Certainly, Las Vegas has a lot of attributes that make it a less-than-ideal NHL market. It's the nation's 40th largest TV market, just ahead of Grand Rapids/Kalamazoo/Battle Creek; it ranks below the U.S. average in per capita income, and would rank 19th in the NHL by that measure; its corporate presence only shows up on the map at all because of the casinos based there—businesses that will be competing against the new hockey team for entertainment dollars, and therefore unlikely to spend big on ticket or ad buys. Oh, and there's also Nate Silver's assessment that there are just 91,000 hockey fans in Vegas, a number that can certainly be quibbled with, but isn't helped by the fact that the local minor-league hockey team went out of business last year after 11 seasons of unspectacular attendance.
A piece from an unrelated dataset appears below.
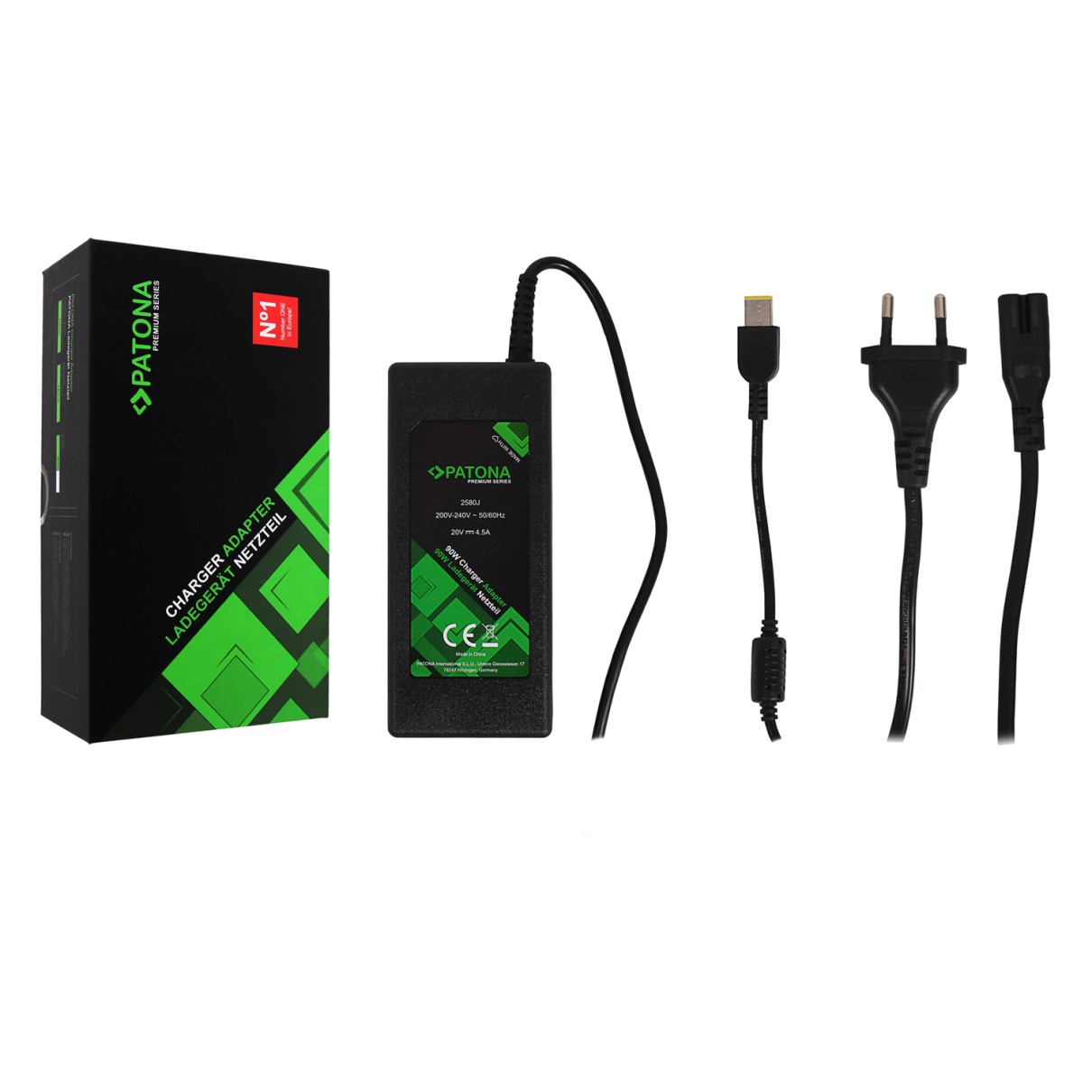 2580-1 PATONA Netzteil 20V 4,5A 90W Square Tip für Lenovo ThinkPad T470P T460P T440P X1 Carbon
Meanwhile, the counterargument pretty much comes down to: It's Vegas, and Vegas is different. Yes, Las Vegas residents are largely poor and work crazy hours that make it hard to get to games on a regular basis. Las Vegas tourists, on the other hand, have money to burn and all the time in the world, at least once they get tired of the blackjack tables. Basing a pro sports business model on people who don't live in your city would be unprecedented, to say the least—the nearest analogue might be spring training baseball, and even that draws plenty of locals—but if any city could make it work, it'd be Vegas, right?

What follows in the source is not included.